WHAT THE EXERCISE ASKS
An exact transcription of the entries is required, with no images included.

RAW DATA

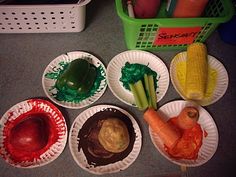 paper plates filled with different types of food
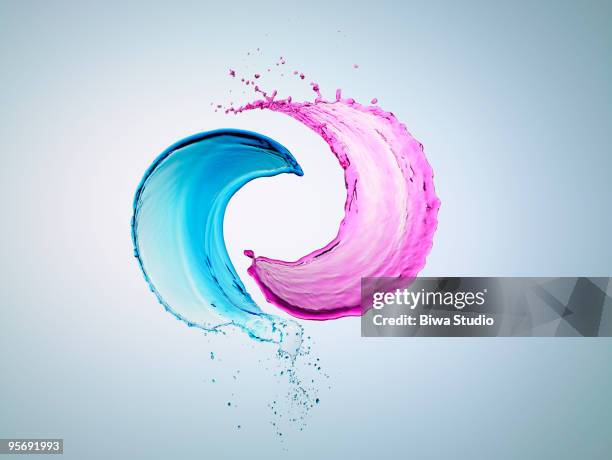 pink and blue splash water - balance concept stock pictures, royalty-free photos & images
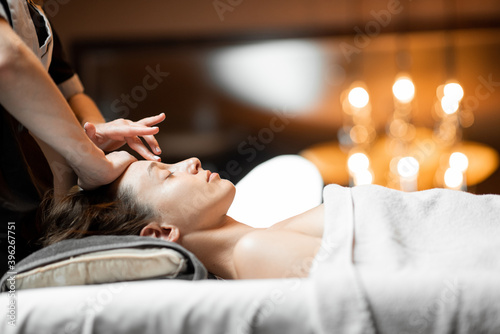 Young woman receiving a facial massage, relaxing at Spa salon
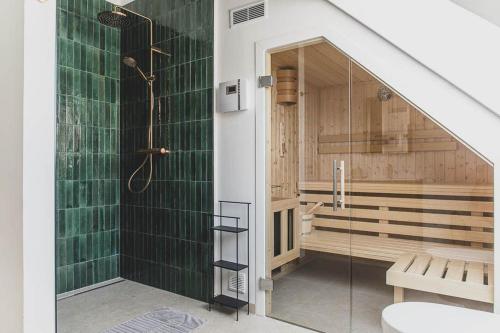 a bathroom with a shower with green tiles at Appartements Brigg & Schoner in Neuharlingersiel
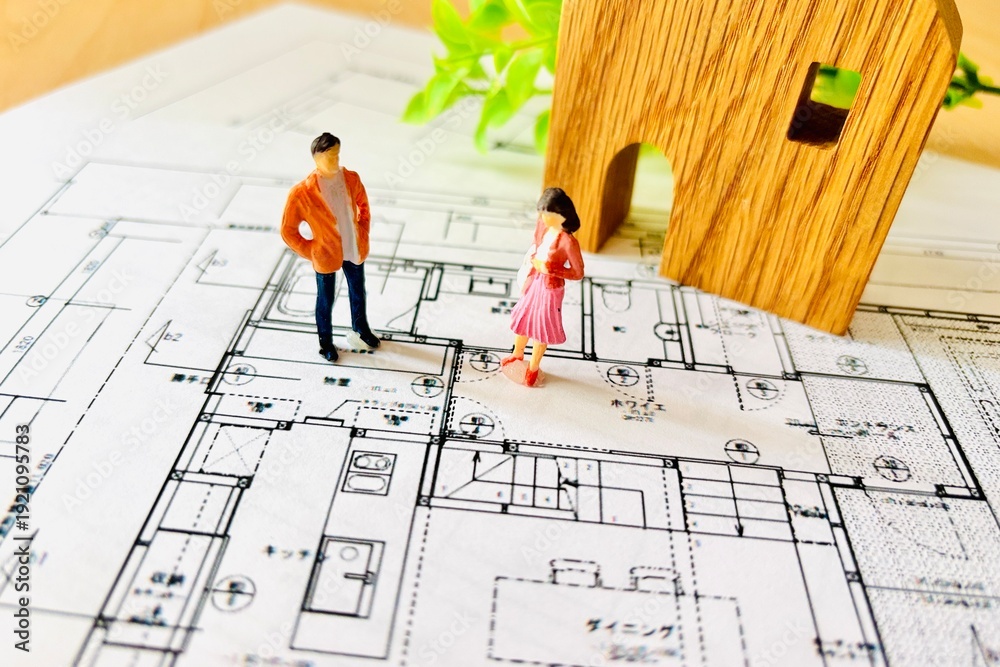 Obraz premium マイホームの間取りを考える夫婦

TASK RESULT
 paper plates filled with different types of food
 pink and blue splash water - balance concept stock pictures, royalty-free photos & images
 Young woman receiving a facial massage, relaxing at Spa salon
 a bathroom with a shower with green tiles at Appartements Brigg & Schoner in Neuharlingersiel
 Obraz premium マイホームの間取りを考える夫婦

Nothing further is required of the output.